Moss-covered Monk

Moss-covered Monk


Wednesday, November 28, 2012

A History of Samurai and Zen (24)


The beatitude of Zen is Nirvana, not in the Hinayanistic sense of the term,
but in the sense peculiar to the faith. Nirvana literally means extinction or
annihilation; hence the extinction of life or the annihilation of individuality.

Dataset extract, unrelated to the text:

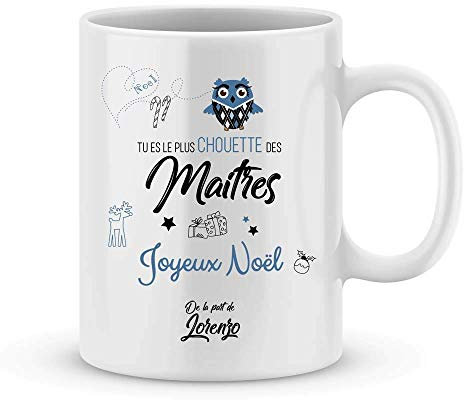 Mug Joyeux Noël MAÎTRE à personnaliser avec le prénom de votre enfant - Cadeau pour maître personnalisé pour Noël- cadeau maître pour le jour de l'an - cadeau original maître - cadeau école maître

To Zen, however, it means the state of extinction of pain and the
annihilation of sin. Zen never looks for the realization of its beatitude in a
place like heaven, nor believes in the realm of reality transcendental of the
phenomenal universe, nor gives countenance to the superstition of
immortality, nor does it hold the world is the best of all possible worlds, nor
conceives life simply as blessing.

It is in this life, full of shortcomings, misery, and sufferings, that Zen hopes
to realize its beatitude. It is in this world, imperfect, changing, and moving,
that Zen finds the Divine Light it worships. It is in this phenomenal
universe of limitation and relativity that Zen aims to attain to highest
Nirvana. "We speak," says the author of Vimalakirtti nirdeça sutra, "of the
transitoriness of body, but not of the desire of the Nirvana or destruction of
it." "Paranirvana," according to the author of Lankavatarasutra, "is neither
death nor destruction, but bliss, freedom, and purity." "Nirvana," says Kiai
Hwan," means the extinction of pain or the crossing over of the sea of life
and death. It denotes the real permanent state of spiritual attainment. It does
not signify destruction or annihilation. It denotes the belief in the great root
of life and spirit." It is Nirvana of Zen to enjoy bliss for all sufferings of
life. It is Nirvana of Zen to be serene in mind for all disturbances of actual
existence. It is Nirvana of Zen to be in the conscious union with Universal
Life or Buddha through Enlightenment.